Using the Adobe Photoshop CS4 Histogram Panel
- Understanding the Histogram
- Achieving Optimal Contrast
- Preventing Blown-Out Highlights and Plugged-Up Shadows
- Avoiding Posterization
Understanding the Histogram
Used properly, the histogram that's displayed behind the curve in Photoshop's Curves dialog can help you to make sure that your adjustments don't get out of control and end up harming your images instead of improving them. The Histogram panel (see Figure 1) also can help you to ensure that you don't push your edits and adjustments too far. To display the Histogram panel, choose Window > Histogram.
Figure 1 The Histogram panel.
A histogram is a simple bar graph that shows the range of brightness levels that make up an image and the prevalence of each of these shades. When you look at the histogram, imagine that a gradient is stretched across the bottom of the bar graph, with black on the left and white on the right (see Figure 2).

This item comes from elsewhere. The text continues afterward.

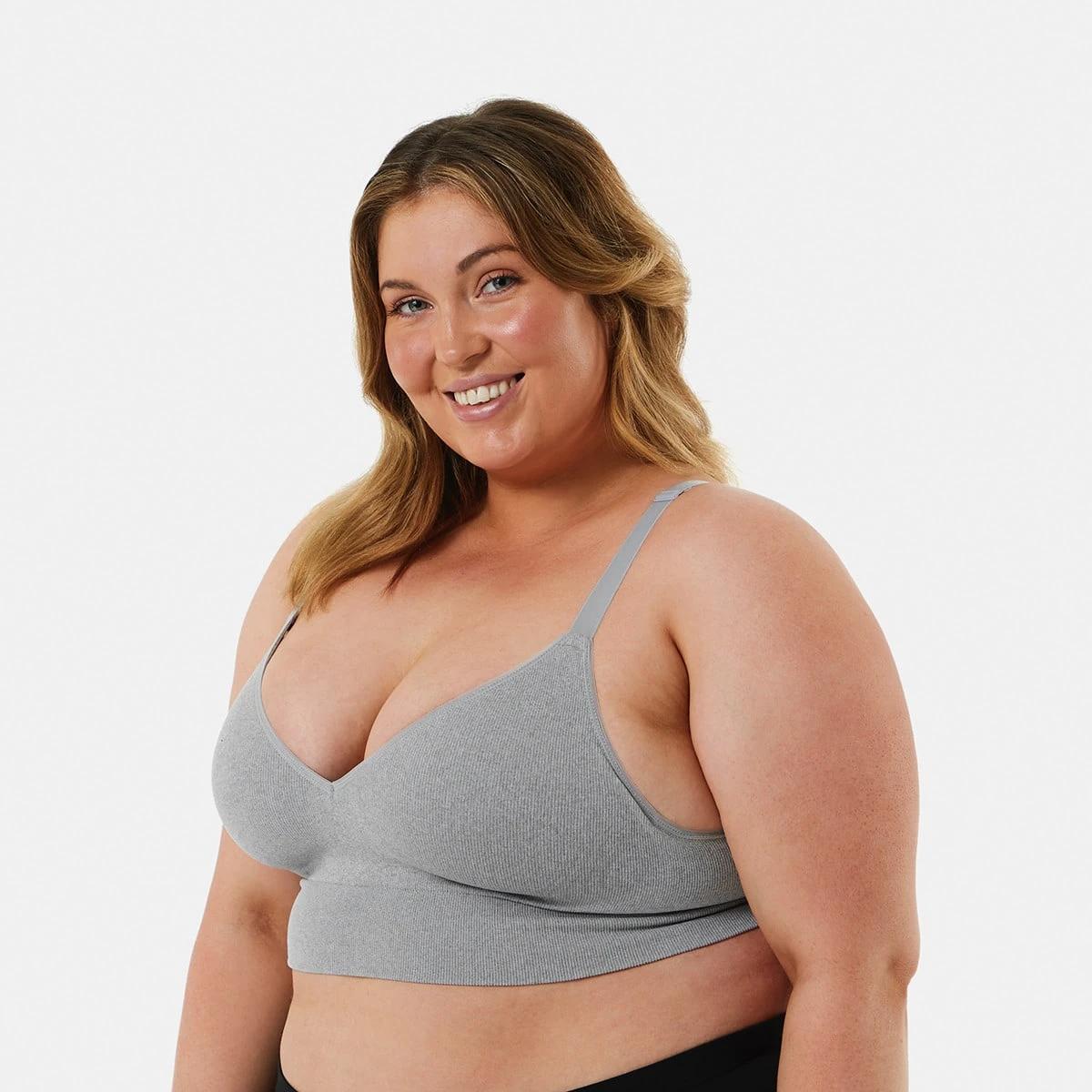 2 Full Figure Wirefree Seamfree T-Shirt Bra GREY MARLE, 2 of 5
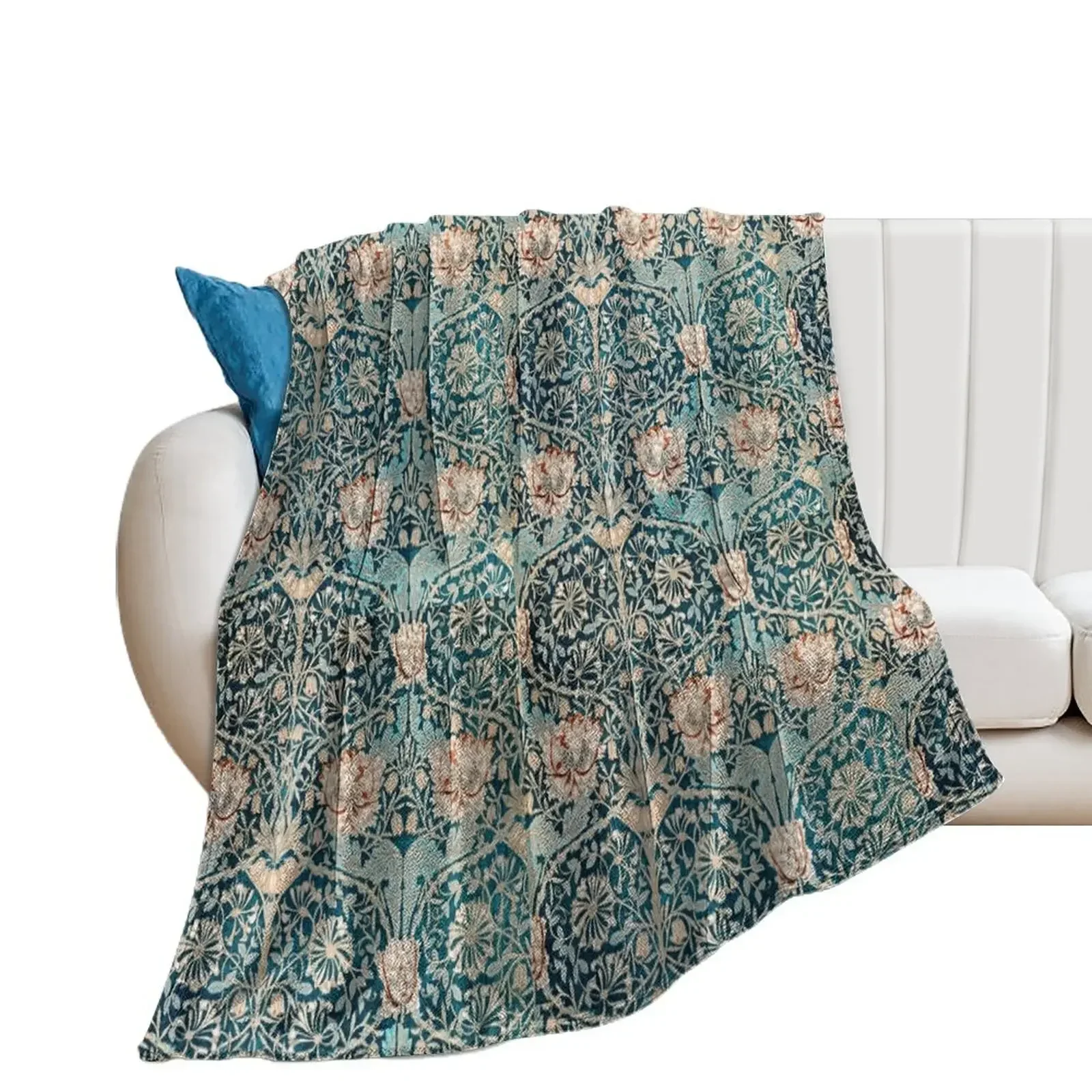 

William Morris Blue Pink Flower Throw Blanket funny gift Furry for winter Soft Plaid Blankets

If the histogram shows a bar above a particular shade of gray, that shade is used somewhere in the image. If there's no bar, that brightness level isn't used in that image. The height of the bar indicates how prevalent a particular brightness level is, compared to the others that make up the image.
Figure 2 Imagine a gradient at the bottom of the Histogram panel.
The Histogram panel includes a bonus. When you start to adjust an image, the Histogram panel overlays a histogram that represents the current, adjusted state of the image (black) above the original histogram that shows what the image looked like before you started adjusting it (gray), as shown in Figure 3.
Figure 3 The gray histogram reflects the unadjusted image; the black version reflects the adjusted image.